“O vakit siz (harb meydanından) boyuna uzaklaşıyor, bir kimseye dönüp bakmıyordunuz. O Rasûl ise arkanızdan sizi çağırıyordu. Bunun üzerine Allah sizi keder üstüne kederle cezalandırdı, (Allah’ın sizi affetmesi) ne elinizden gidene, ne de başınıza gelene esef etmemeniz içindir. Allah ne yaparsanız hakkıyle haberdârdır” (Âlu İmrân: 153).
Âyetteki “Tus’idune”, “Es’ade”den olup “Gidiyordunuz” demektir. Sulâsî olan “Sa’ide” ise “Evin üstüne çıktı, yani yükseldi” demektir.

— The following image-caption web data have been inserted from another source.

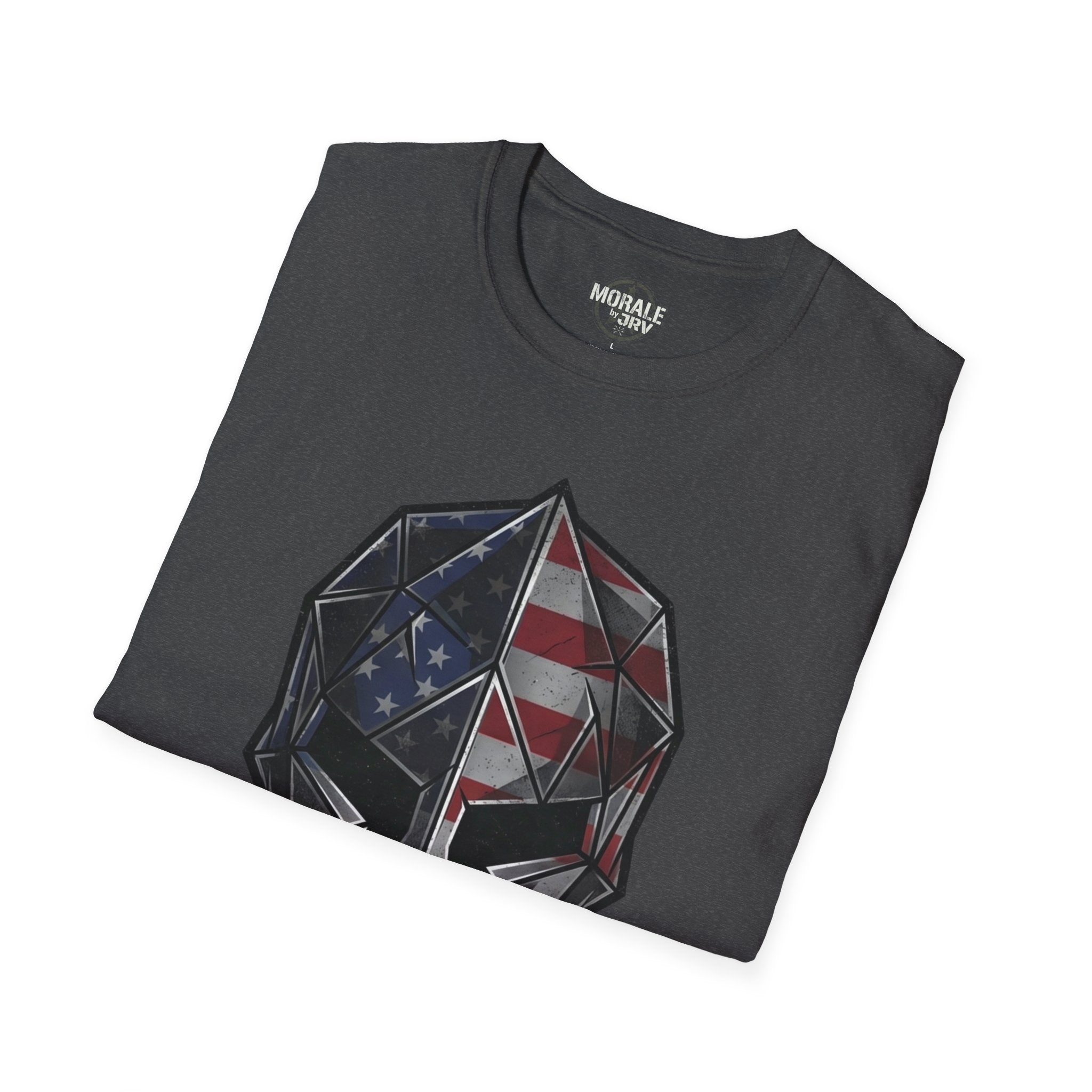 Black t-shirt with American flag spartan helmet graphic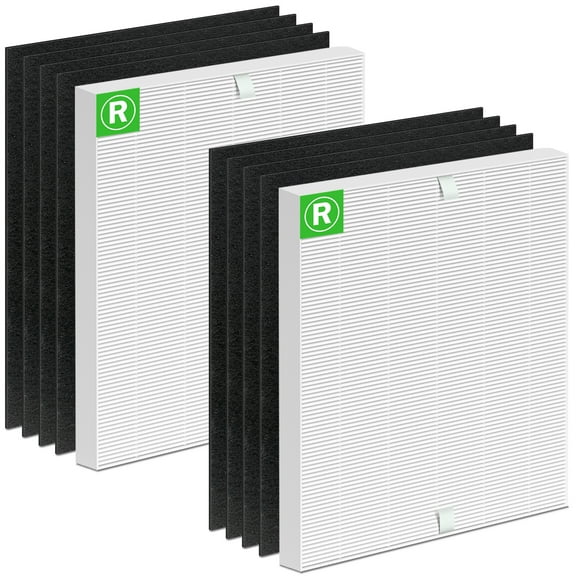 FFAC 2+8 Pack 115115 Replacement Filter for Winix Air Purifier C535 5300 6300 P300 AM90 9000 C909 9800, 2 HEPA & 8 Pre-Filters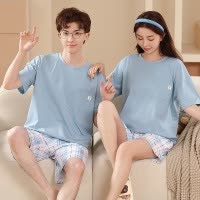 新款睡衣夏季纯棉短袖情侣家居服男女士两件套装大码网红风可外穿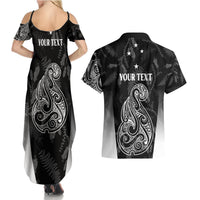 Personalised Maori Waitangi Couples Matching Summer Maxi Dress and Hawaiian Shirt New Zealand Silver Fern Mix Kowhai Flowers LT7 - Polynesian Pride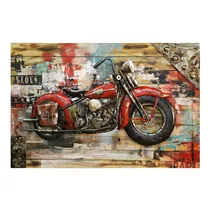 MAXPHIL living - Bild Motorrad rot auf Holz und Metall 120x80x10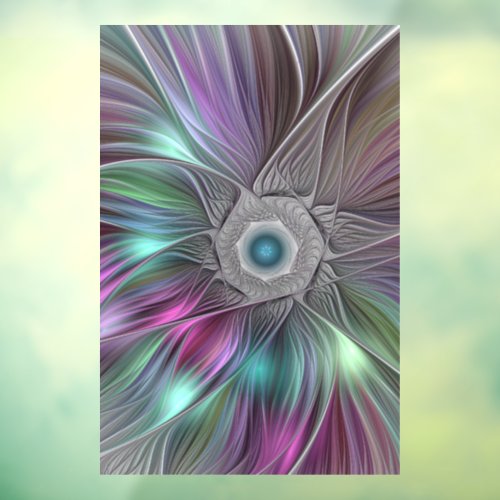 Colorful Big Flower Abstract Trippy Fractal Art Window Cling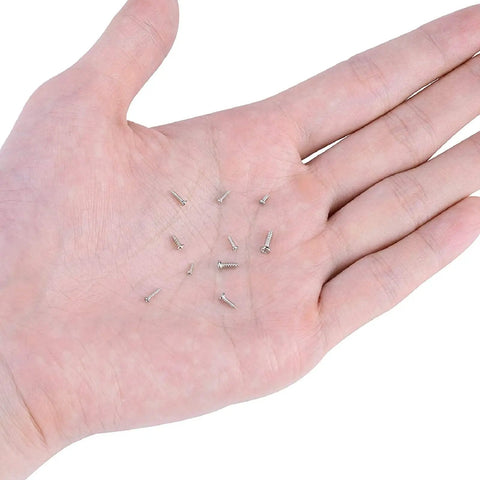 1000 Piece Mini Screw Kit Set with Self Tapping Micro Screws in M1 to M1.7 Sizes shown in hand for scale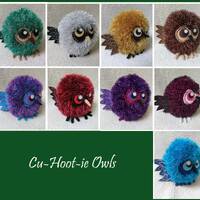Cu-Hoot-ie Owls  (Large Kintted Owls with Wings and Tail Feathers)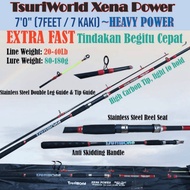 TsuriWorld Xena Power 7ft 7Kaki Heavy Power 20-40lb Lure 80-180g 2-Piece Spinning Rod Joran Pancing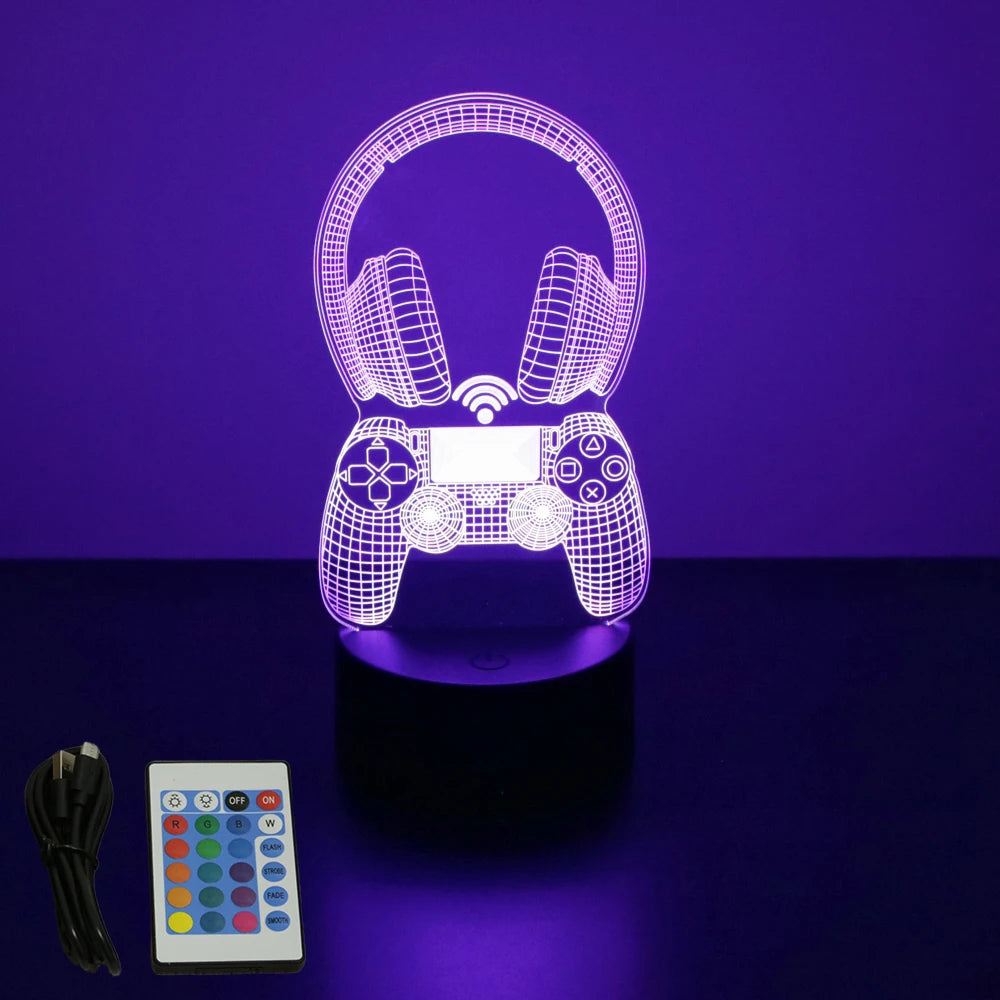 Neon Gamer 3D LED Night Light – RGB Gaming Room Lamp for Gifts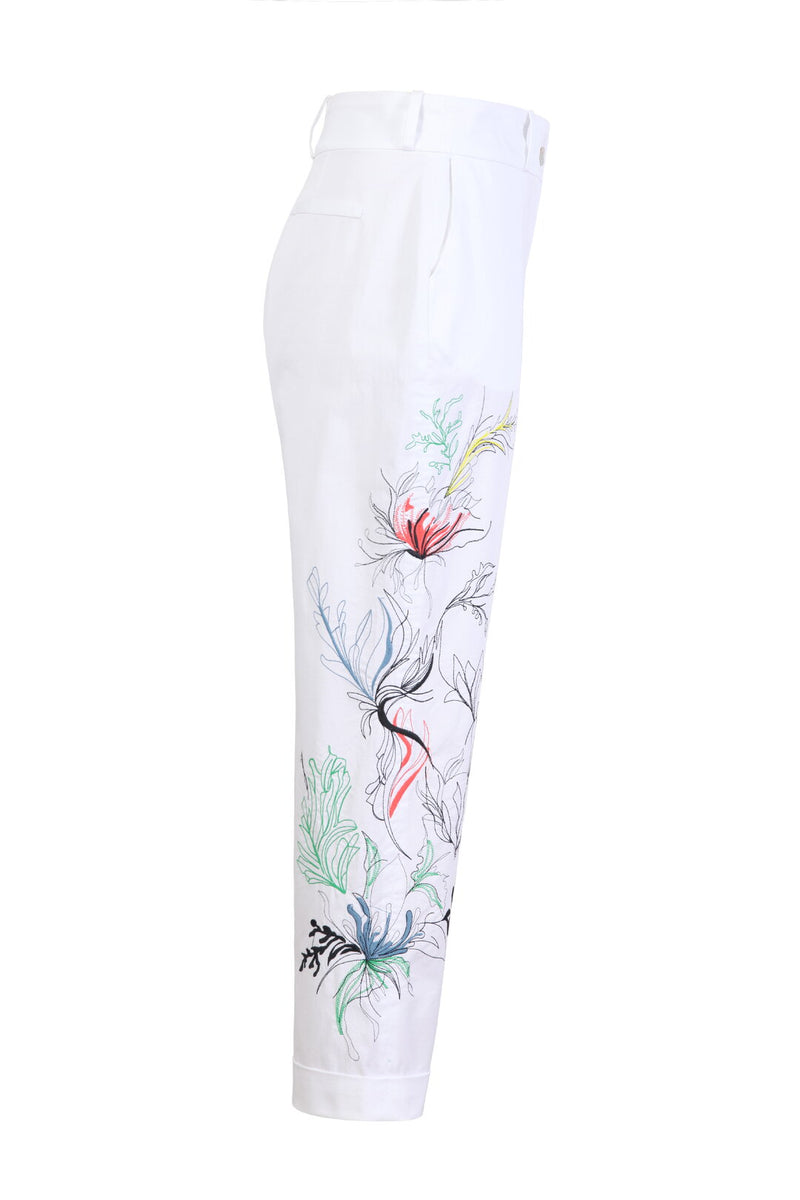 Embroidery Pants, Floral Pattern White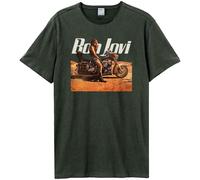 Amplified Men's Wanted Dead Or Alive Bon Jovi T-Shirt in Charcoal | Size: XS Amplified Charcoal XS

4116 Ebû İshâk dedi ki: Ben el-Berâ ibn Âzib (radıyallahü anh)’den işittim, şöyle dedi: Rasûlüllah’ın (başlıktaki âyette bildirilen) bu çağrısı Uhud günü piyadelerin arka tarafına yerleştirdiği ve Abdullah ibn Cubeyr’in kumandasına verdiği okçulara âid idi. Onların bâzısı bozulmuşlar olarak kaçtıkları zaman, Rasûlüllah (sallallahü aleyhi ve sellem), onların arkalarından (“Ey Allah’ın kulları, bana geliniz! Ey Allah’ın kulları, bana geliniz Her kim dönüp gelirse ona cennet vardır!” diye) onları çağırıyordu.